"Wysłannik Piekieł 2" to typowy sequel. Tak, jak pierwsza część ma swój odpowiednik w książce Cliva Barkera. Nie sposób oglądać ten film, nie znając pierwszej części, bo jest to naturalna kontynuacja wątków z oryginału.
Kirsty, która po wydarzeniach z pierwszej części trafia do szpitala psychiatrycznego opowiada wszystkim swoją wersję wydarzeń. Po masakrze w jej domu, jakimś sposobem szef szpitala przywłaszcza sobie zakrwawiony dywan wujka Kirsty. Krew może stać się kluczem do skontaktowaniem się z cierpiącym w piekle Frankiem.
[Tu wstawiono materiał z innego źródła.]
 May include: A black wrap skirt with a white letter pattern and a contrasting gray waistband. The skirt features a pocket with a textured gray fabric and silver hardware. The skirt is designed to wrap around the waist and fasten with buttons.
Lekarz wierzy w opowiadania Kirsty, czyta stare księgi i postanawia postępować wg nich tak, aby otworzyć bramy piekła i poznać nieziemskie przyjemności. Nie musze dodawać, że zamieszkujący piekło Cenobici - jednym z nich jest Pinhead z gwoździami na twarzy - dostarczą mu przyjemności... powiedzmy sadomasochistycznej. Rozerwą na strzępy do mięsa i będą torturować jego ciało w swojej "pracowni". Kirtsty będzie musiała udać się do labiryntu w piekle, ale Cenobici nie odpuszczą jej drugi raz ucieczki.
Tak jak pierwsza część nie jest to zachwycające kino. Fani serii najbardziej cenią sobie dwie pierwsze części. Trudno mi się z tym zgodzić. Ciekawym pomysłem jest to, że do grupy Cenobitów w każdej części z serii dołącza ktoś nowy. No imamy więcej efektów specjalnych. Jednak jak na dziś mi to nie wystarcza.